DESCRIPTION OF THE TASK =
Because the images are not wanted, restate every line below word for word without them.

DATA SECTION =

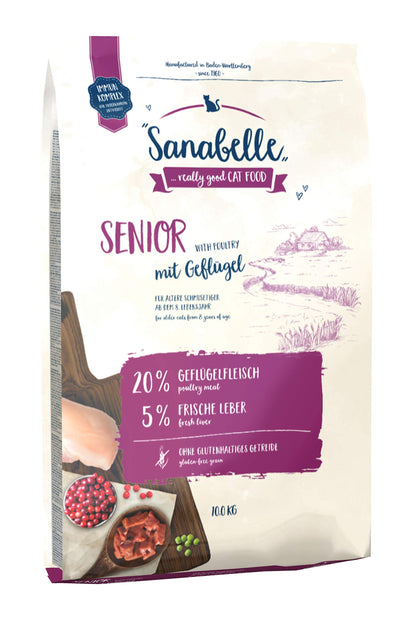 Sanabelle Senior Katzentrockenfutter für ältere Katzen, 10 kg, Trockenfutter mit Geflügel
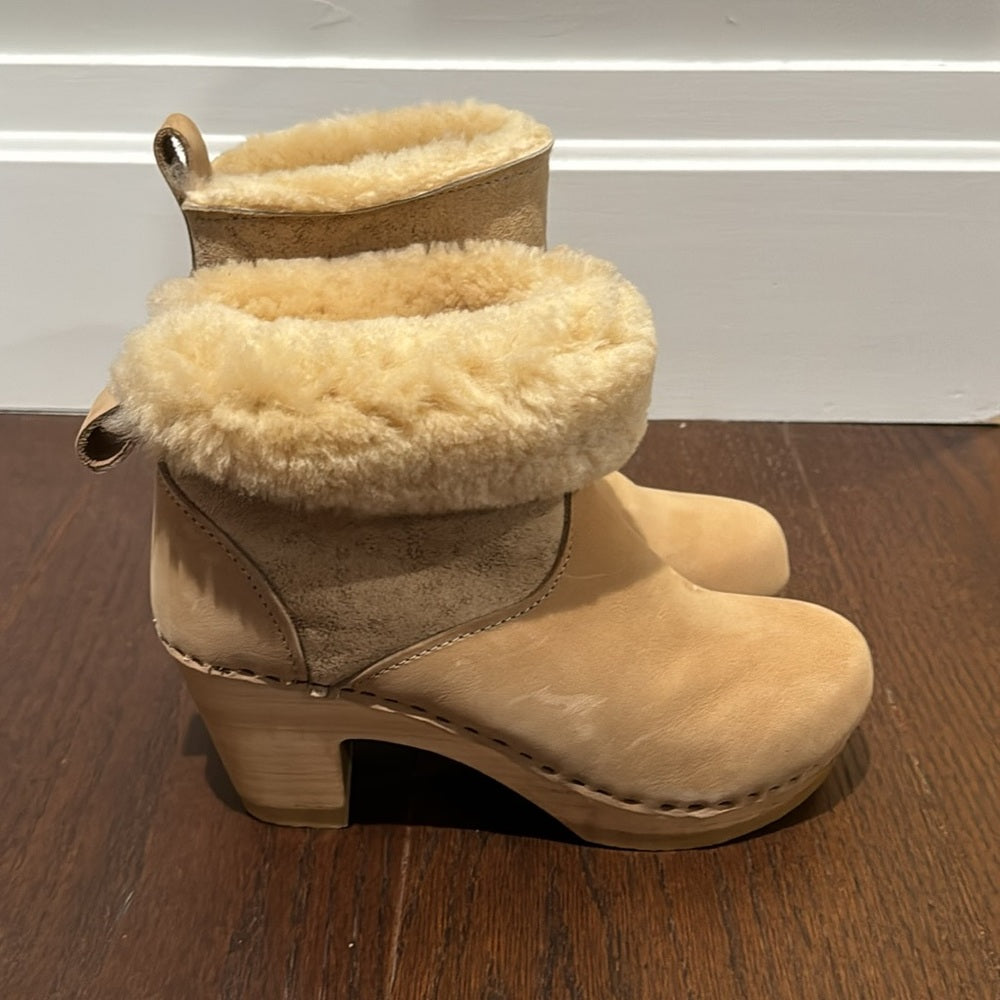 No.6 Pull On Shearling High Heel Boots Size 39/9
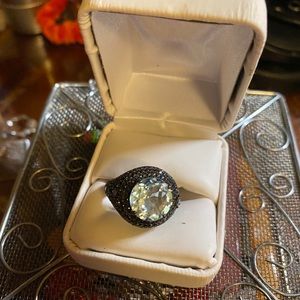 925 Sterling black spinel and aquamarine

SOLUTION =
 Sanabelle Senior Katzentrockenfutter für ältere Katzen, 10 kg, Trockenfutter mit Geflügel
 No.6 Pull On Shearling High Heel Boots Size 39/9
 925 Sterling black spinel and aquamarine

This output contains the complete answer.